His family are quite religious and he is now going to see a councillor from their church. They have offered dd counselling too if we feel she needs it. We aren't members of this church, so I am not sure about this.

He has had his phone removed and has been grounded. He asked for a message to be passed on to dd, to say that he was very sorry and didn't mean to disrespect her.

His mum and I are going to meet up on Saturday. She also has thanked me for contacting her about this, as she had no clue, and also because they had discussed sending images etc, but seems that fell on deaf ears. She also told me that he had uploaded a shirtless pic of himself onto his profile, they had had a big argument about this and she made him delete it.

At this stage, I don't think i will be reporting this officially, but that said, when dd does get her phone back, there will be different rules in the house regarding phone use, passwords etc.

Obviously I am still upset about it, as is she.

But some good news is that she placed first for her dancing, so we are focusing on this now and it was nice to see her smiling again.

OP posts:
NewOrleansGirl · 05/08/2015 12:48

OP thanks for updating us all and sounds like two sensible parents parenting their children and dealing with the situation appropriately rather than immediately assuming the worse and over reacting leading to over the top intervention by third parties. You and the other mother sound like very responsible, considered and reasonable people who are dealing very well with a difficult and sensitive situation. I hope when my DC are teenagers I am as good a parent.

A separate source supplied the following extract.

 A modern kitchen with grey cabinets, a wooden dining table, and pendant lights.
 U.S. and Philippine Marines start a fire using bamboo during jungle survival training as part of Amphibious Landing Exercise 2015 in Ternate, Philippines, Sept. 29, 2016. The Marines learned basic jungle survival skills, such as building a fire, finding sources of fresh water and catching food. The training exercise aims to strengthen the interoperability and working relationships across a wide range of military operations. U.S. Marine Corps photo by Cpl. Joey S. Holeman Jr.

MadamArcatiAgain · 05/08/2015 13:29

OP's DD was only 12 until 2 weeks ago. If the boy turns 17 today, then the age gap is practically 5 years (minus a few weeks).

NO!!! It is practically 4 years (minus a few weeks)the diference between .13 yrs 1m to 16yr 11m is 3 Yrs 10m. It HAS to be under 4 years!

MadamArcatiAgain · 05/08/2015 13:31

But as it turns out the boy is still 15 so age gap is 2-3 yrs.

tiggytape · 05/08/2015 13:48

This reply has been deleted

Message withdrawn at poster's request.

merrygoround51 · 06/08/2015 10:14

OP - this seems like a sensible approach, but I would create distance now between yourself and this family, no shared counselling and coffees. That will send mixed signals to your DD

gymboywalton · 06/08/2015 10:31

if i found out that my husband had found indecent images on my child's found and had 'dealt with it' without telling me , i would be both furious and unhappy. I am just as much a parent as my husband. i can't believe you haven't told your daughters father.